▸ Data excerpts:
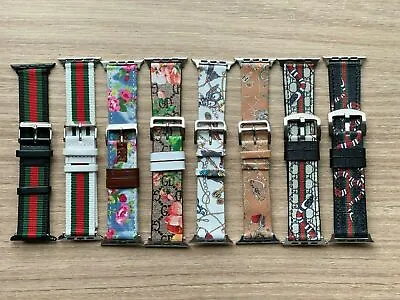 $16.99 • Buy 42/44mm Genuine Leather Apple Watch Band For IWatch Series 7SE 6 5 4 3 2 1 38/40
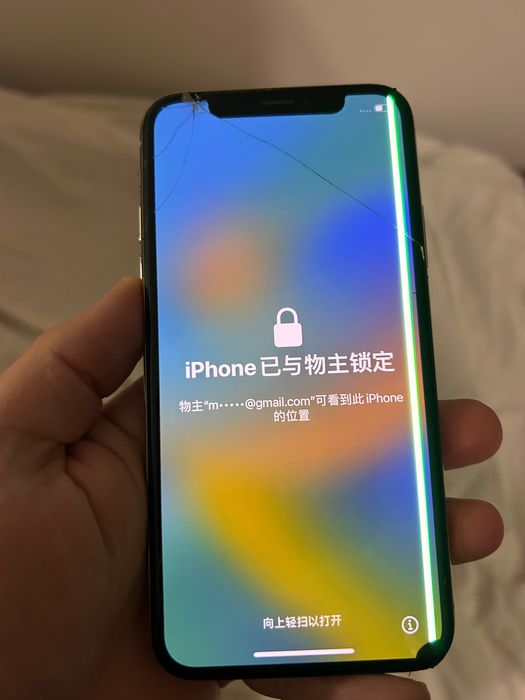 iPhone X 78% baterii na części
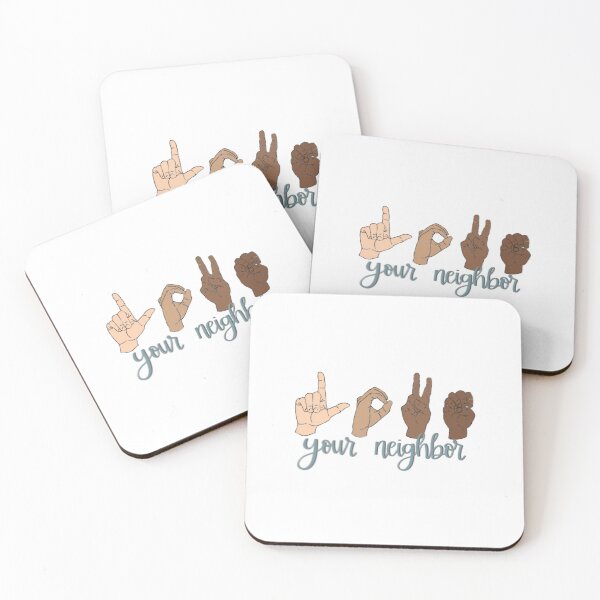 Item preview, love your neighbor asl designed and sold by amyhutchison.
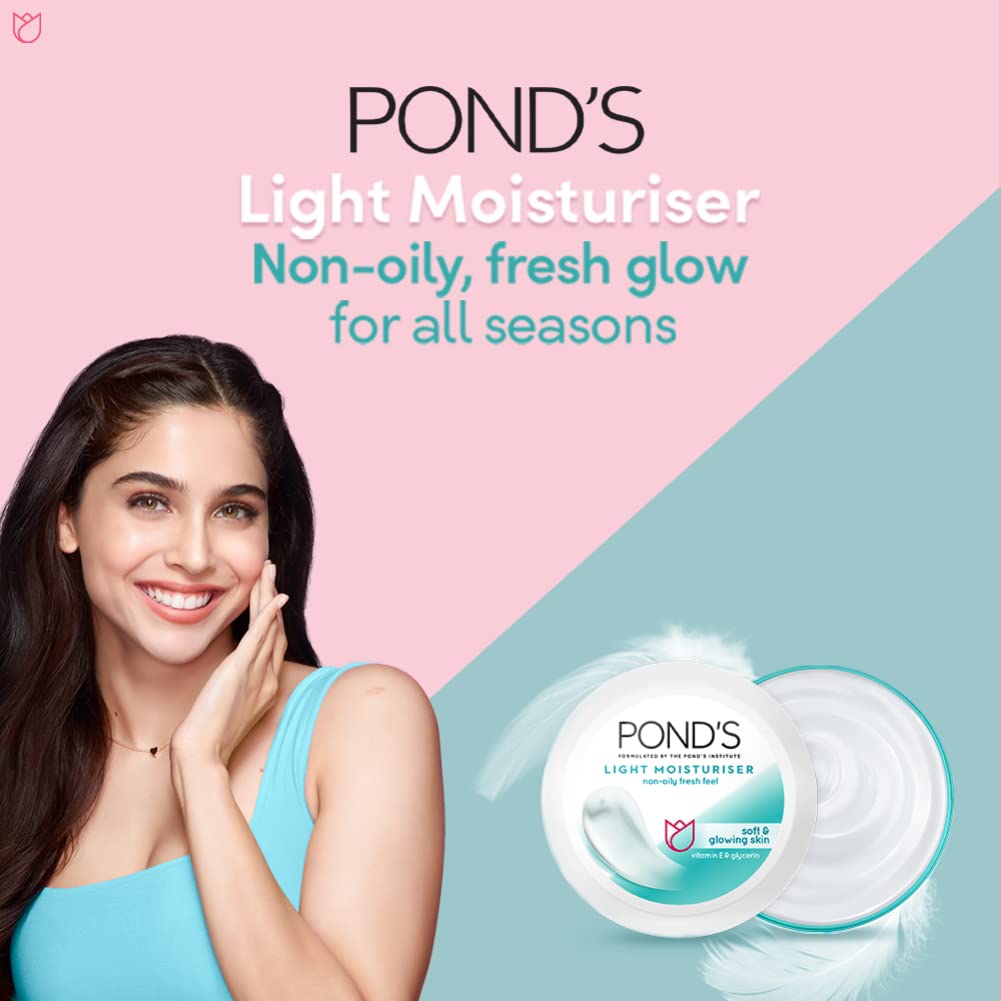 Vaseline Winter Care Combo: Deep Moisture Lotion, 400Ml With Ponds Light Moisturiser 200Ml, For Soft & Moisturised Skin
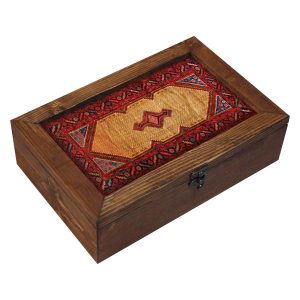 Persische Holz-Teebeutel-Organizer-Box mit Fächern Pasargad II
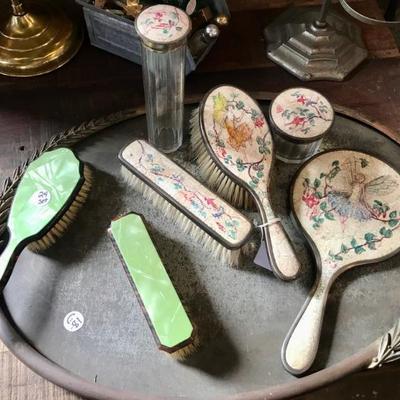 Antique Hair Brushes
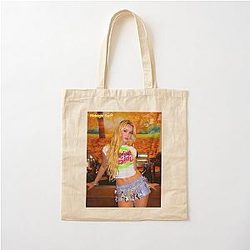 Zara Larsson Midnight Sun Cotton Tote Bag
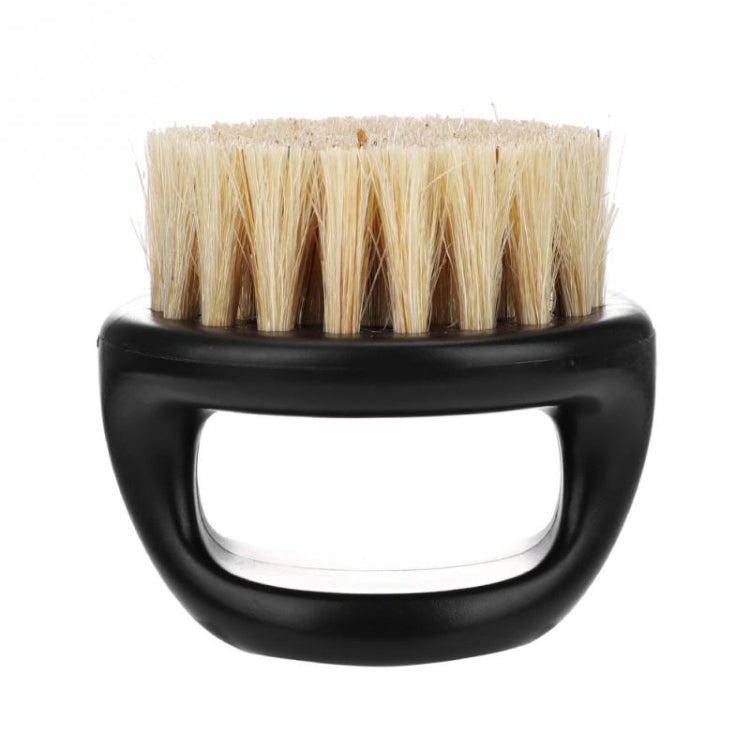 Men Ring Design Portable Boar Brush Black ABS Haircut Cleaning Shaving Brush(White) - free shipping - PMC TechLife - Order now!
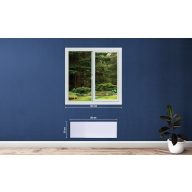   Adax Neo Wifi 12 norvég elektromos fűtőpanel 1200W – wifi termosztátos, energiatakarékos fehér panel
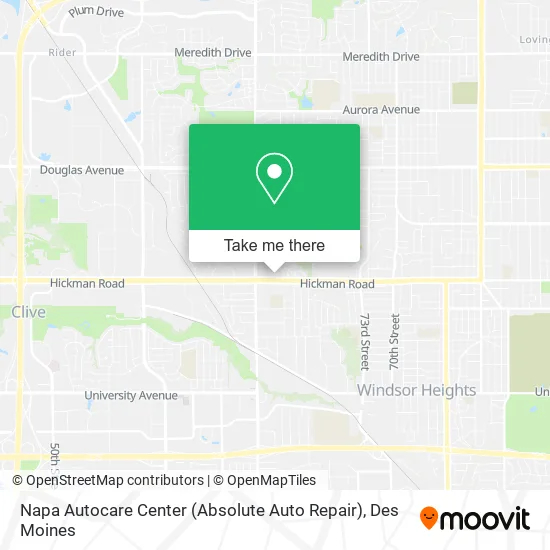 Mapa de Napa Autocare Center (Absolute Auto Repair)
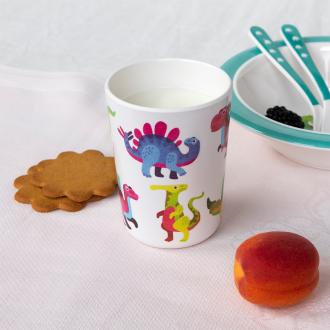 Children's melamine beaker - baby dinos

▸ Task objective:
Your answer must be the lines from the one containing "iPhone X 78% baterii na części" through the final line of the entries, duplicated exactly, with both ends kept and all pictures left out.

▸ Exercise result:
 iPhone X 78% baterii na części
 Item preview, love your neighbor asl designed and sold by amyhutchison.
 Vaseline Winter Care Combo: Deep Moisture Lotion, 400Ml With Ponds Light Moisturiser 200Ml, For Soft & Moisturised Skin
 Persische Holz-Teebeutel-Organizer-Box mit Fächern Pasargad II
 Antique Hair Brushes
 Zara Larsson Midnight Sun Cotton Tote Bag
 Men Ring Design Portable Boar Brush Black ABS Haircut Cleaning Shaving Brush(White) - free shipping - PMC TechLife - Order now!
   Adax Neo Wifi 12 norvég elektromos fűtőpanel 1200W – wifi termosztátos, energiatakarékos fehér panel
 Mapa de Napa Autocare Center (Absolute Auto Repair)
 Children's melamine beaker - baby dinos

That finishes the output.